Nothing was ever said of unset?  Should unset be benign?

Since unset() is intended to take an action (rather than check on state) shouldn't an invalid unset (one with a guarded property that doesn't have a setter) emit a warning?

On 10/30/2012 10:37 PM, Clint Priest wrote:
Would you say the same of unset?  Always benign?


On 10/29/2012 2:14 PM, Stas Malyshev wrote:
Hi!

So... to be explicit here, you think in this situation:

class a {
    public $b {
       set($x) { $this->b = $x; }
    }
}

$o = new a();

if(!isset($o->b)) {
    /* delete files */
}
echo (int)isset($o->b);  /* This should return false and not emit any
sort of warning/notice? */
isset should return false, since $b is not set value.
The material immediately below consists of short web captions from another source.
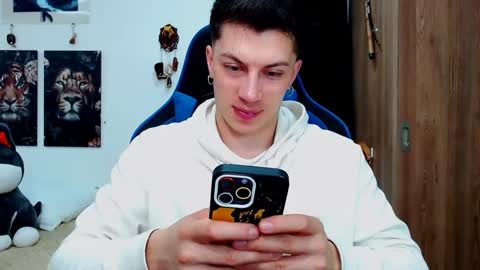 Snapshot of griego01 chatting on 12.03.24 griego01 online show from 12.03.24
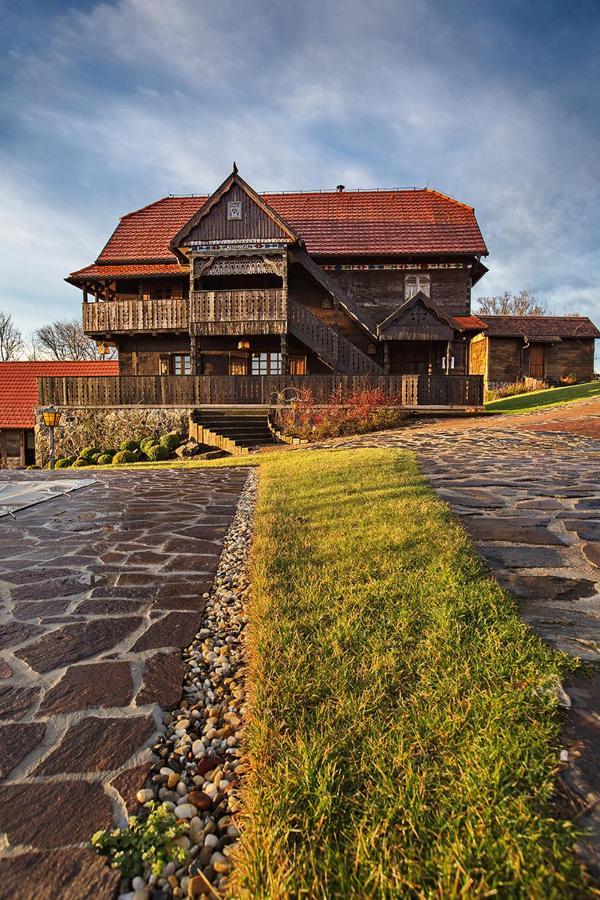 Imanje Tomasic Villa Podvornica Exterior photo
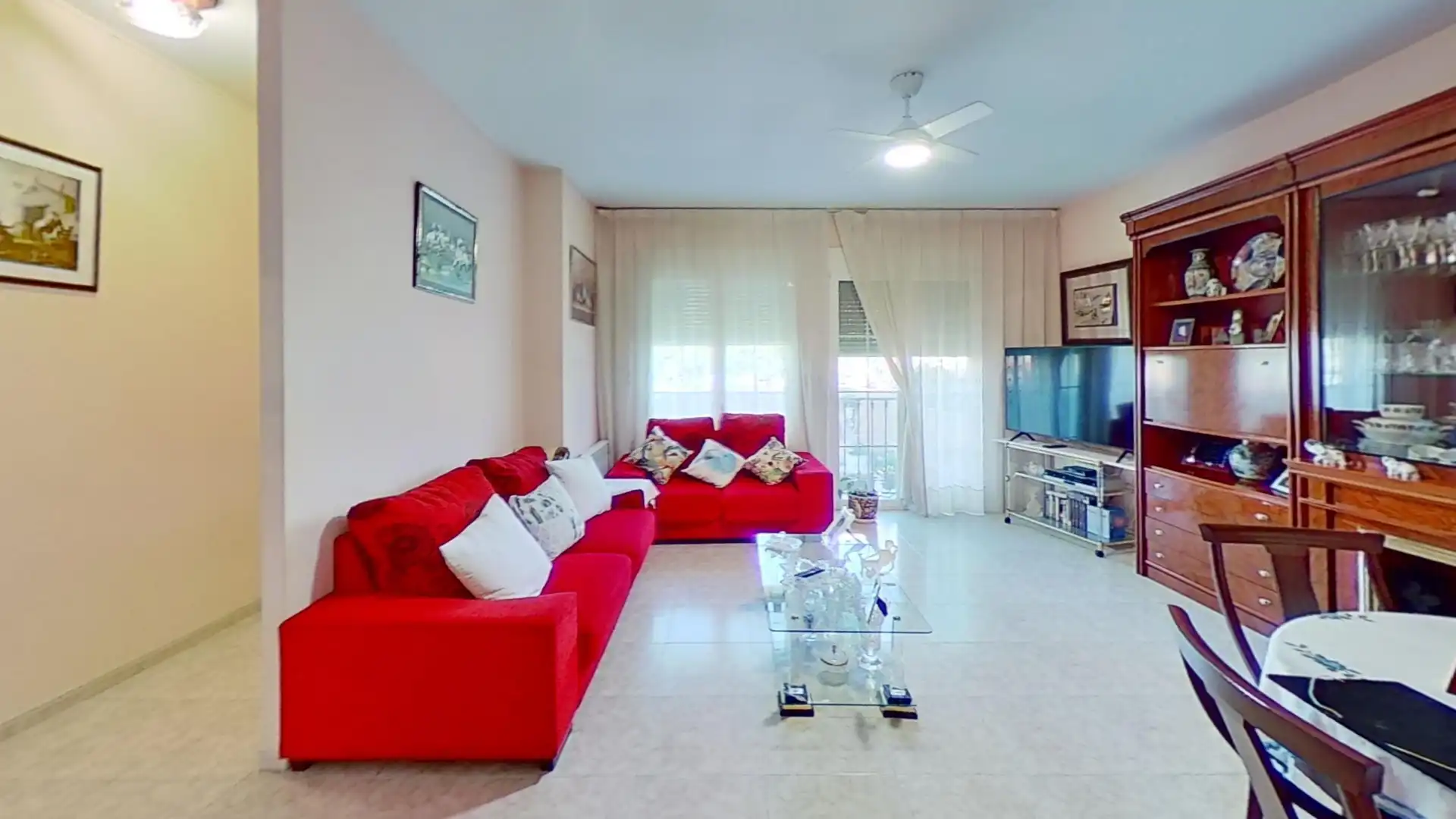 Sala d'estar de Casa adosada en venda en Vinaròs amb Calefacció, Terrassa i Moblat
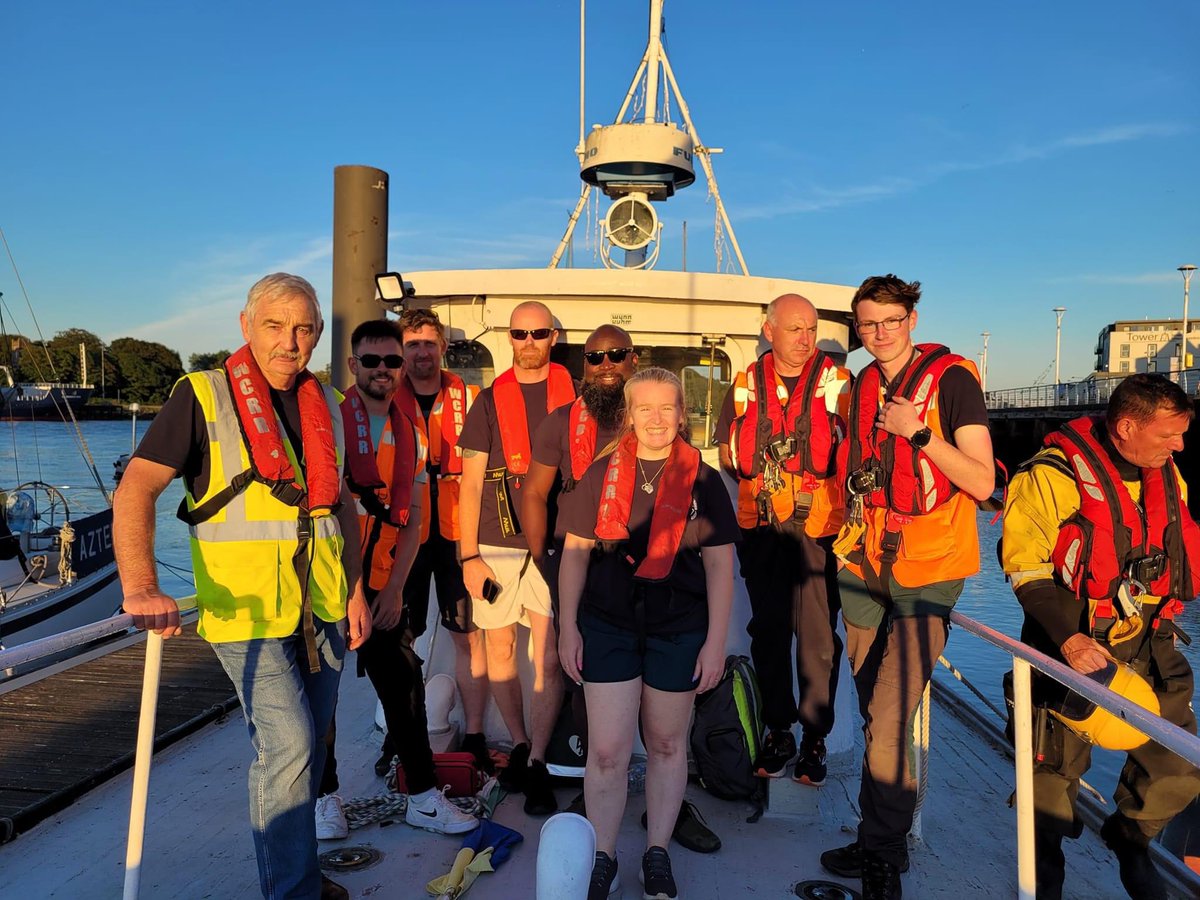 FirstWaterford's tweet photo. Fantastic training session tonight with the Waterford City river rescue. Always great to do a bit of inter-agency training. https://t.co/ShfRgKmzPz
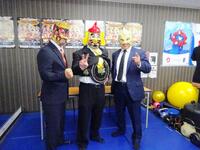 　突然ビリケーン・キッド（右）が会見に乱入も和やかに写真に収まるえべっさん（中央）とタコヤキーダー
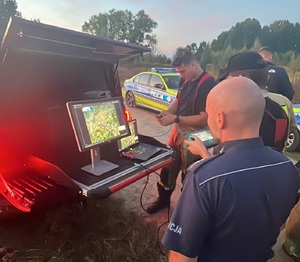 policjant, strażacy i pojazdy policyjne oraz strażackie podczas działań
It should not
produce any warning. Of course (int) would produce 0 then ;)

I mean specifically, there is no getter defined, therefore the result
if isset is indeterminate and while I can see it not causing execution
No, the result is determinate - it's false. That's the point of isset()
in PHP and that's how it is used in existing code.

to stop I don't see it being a good idea to not warn the developer that
what they've attempted is not correct.  Without a getter, isset() is
not a legal call (since the value cannot be retrieved).
isset() should always be legal. This is the way to check if $o->b is legal.